Thinking About the Year
31 December 2005
Everybody’s doing stories about the stories of the year. Things that caught our attention this past year are in the news again. Past is prologue.
What will (or should) catch our attention in the new year called 2006? Here are local, national and global stories that came to mind this morning:
- Hurricanes on the US gulf coast have created ongoing needs.
- Tsunami recovery efforts remain.
- Murders in Memphis continue at rates not seen in bigger places.
- The Tennessee Waltz goes on and on.
- After 88 years in business a local bicycle shop is closing in 2006.
- The Wall Street Journal listed the actors/movies that Jeff Daniels watches over and over to improve his skill: Alan Arkin in The In-Laws, Eddie Bracken in The Miracle of Morgan’s Creek, Peter Sellers in Dr. Strangelove, Al Pacino in Dog Day Afternoon, Robert Redford in Jeremiah Johnson. It seems the star of Dumb and Dumber might have been acting! [Thanks to Lauren Mechling of the Wall Street Journal for the insight.]

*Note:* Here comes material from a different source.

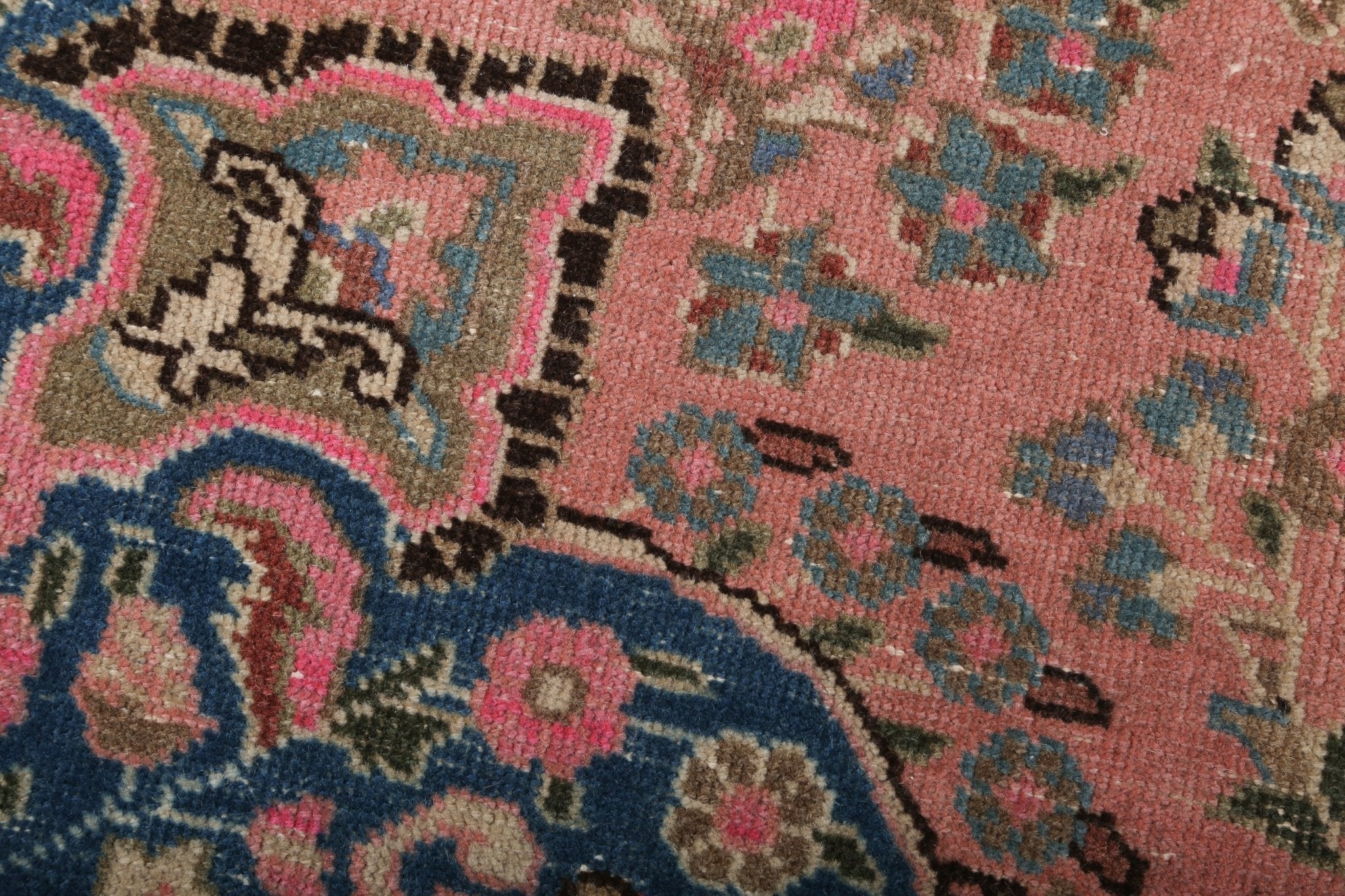 Persian Sabzevar Rug | 9' 6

- Bill Miller of Legg Mason managed a mutual fund so that for the fifteenth consecutive year he beat the S&P500. No other mutual fund manager has done that.
- What can I do to help Wal-Mart with quality and customer service?
- Someone used the term “junior seniors” this week to refer to people aged 55-64. Demographics are becoming more important. Young folk may see their forays into age discrimination come back to haunt them.
- A minister wrongfully dismissed from a smallish church after 21 years of faithful service now ministers in a church over twenty times the size of the former one. Life loops. Good wins. God is good.
- Natural gas prices continue to escalate in Memphis. I wonder what a normal annual inventory turnover rate is for Memphis Light, Gas & Water?
- In 2006 some more CEO’s will discover that employees and investors and customers expect more from them than celebrity, financial engineering and high profile shenanigans. Run the business, please.